What's the state of PWA - Progressive Web Application - jumha
I&#x27;m leading a group of college students to build a visualization applications for a Solar panels system. 
- A data API already exists
- We need to build it for a Kiosk. So we only need to support a single platform
- Users need to interact with the app in the Kiosk
- We have experience building native mobile apps
- We&#x27;re considering PWA but we don&#x27;t have much experience with it.<p>We&#x27;re trying to choose between Android and PWA. What are you thoughts?
Is PWA still a `thing` or the industry has moved on to something else? 
Thanks.
======
tree_of_item
tl;dr PWAs are on the brink of being a "thing": technical abilities are
accumulating, but it's not clear if the political will to "commit to the web"
exists. If you have experience developing native apps, just do that. There's
no reason to jump ship and make a PWA because it's not clear if they're going
to take off or not.

Google has shown some investment in PWAs on Android with the development of
"WebAPKs", a way to manage the installation of progressive web apps through
the Play store.

However, this mechanism is not entirely public: Chrome for Android will create
a WebAPK when asked to add a PWA to the home screen, but currently you cannot
create a WebAPK yourself and list it in the Play Store.

The point I'm trying to make is that while PWAs are slowly gaining technical
abilities, Google hasn't yet gone "all in" wrt PWAs being a true form of
"app". It's not clear where exactly they're headed; there are some indications
that there is a kind of "cold war" between the Chrome and Android teams.[0]

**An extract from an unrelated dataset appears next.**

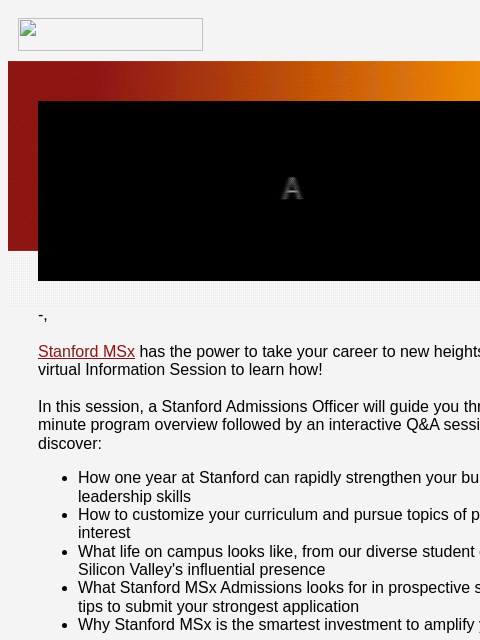 You're invited ️ to join our next virtual Information Session! -, Stanford MSx has the power to take your career to new heights. Join a virtual Information Session to learn how! In this session, a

Microsoft has shown much more commitment to PWAs by making them available in
the Windows app store. I believe Firefox has some support, and I'm only aware
of Safari recently starting development of Service Workers, a necessary
component for PWAs.

As far as adoption in the wild:

\- Google has created a PWA version of Maps, Maps Go, available in the Play
Store. This shows that PWAs are technically capable, but still not "blessed",
in that you couldn't make a PWA and list it in the store like that.

\- Twitter Lite in the Play Store is a WebView wrapper around a PWA, getting
around the restriction I just mentioned.

[0]: [https://medium.com/@firt/is-there-a-cold-war-between-
android...](https://medium.com/@firt/is-there-a-cold-war-between-android-and-
chrome-because-of-pwas-e50a7471056c)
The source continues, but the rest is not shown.